Introduction to Social Science Data Analysis


Project maintained by christophergandrud Hosted on GitHub Pages — Theme by mattgraham

INT3042: Introduction to Social Science Data Analysis

Yonsei University

Fall 2012

Version: 27 November 2012


Instructor: Dr. Christopher Gandrud

Office Hours: 15:00-17:00 Wednesday (정208)

Time: 11:00-12:15 Tuesday & Thursday (정215)

Objectives: This course's main objective is to: learn how to take raw social science data, explore it, and present the results in a useful way. In this course you will learn all of the basic skills needed to do each of these steps with the statistical language R. Part I of the course introduces you to both basic data structures and RStudio (a program that makes using R easier). Part II introduces basic data analysis and visualizations techniques. Part III covers slightly more advanced statistical tools, primarily linear regression. Finally, in Part IV we will apply all of these skills in a pair research project.

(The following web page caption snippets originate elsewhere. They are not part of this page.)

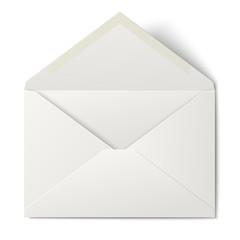 White opened envelope isolated on white background - 80596183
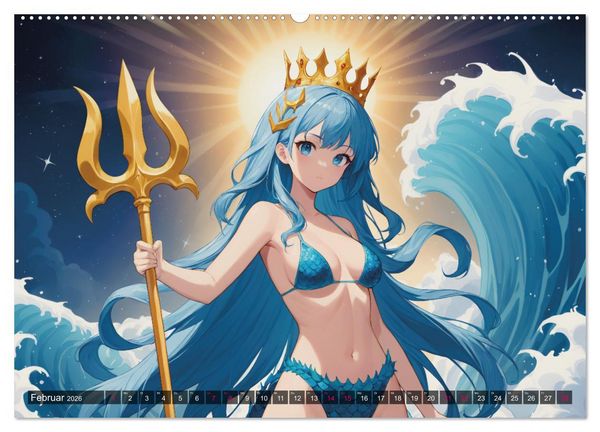 Produktbild: Manga Kalender Sternzeichen (Wandkalender 2026 DIN A2 quer), CALVENDO Monatskalender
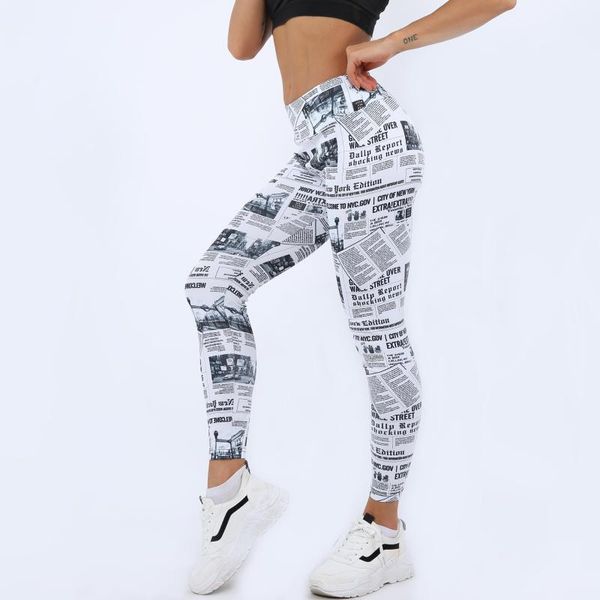 

women's yoga pants push up digital printed spaper high waist cropped elastic slim leggings gym tights sportswear leggins 2021 outfits, White;red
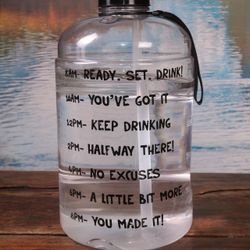 Gallon Water Bottle Motivational Gym Water Bottle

As part of achieving this straightforward objective, the course is intended to also do the following:

The course is intended to be useful. I hope that the course will be one of the more useful courses you take in university. It is intended to be useful for students who want to go on to do graduate-level academic research. It is also intended to be useful for students who want to go directly into the non-academic public or private sectors and be able to effectively analyse and present data. I hope it is also useful for you as a citizen in that you will be better able to critically read the data that informs many of our daily decisions.

This course will introduce you to a vibrant and growing community of open source data analysts that is pushing the state of the art in data analysis and presentation. (Another benefit to you as students is that open source software is free.)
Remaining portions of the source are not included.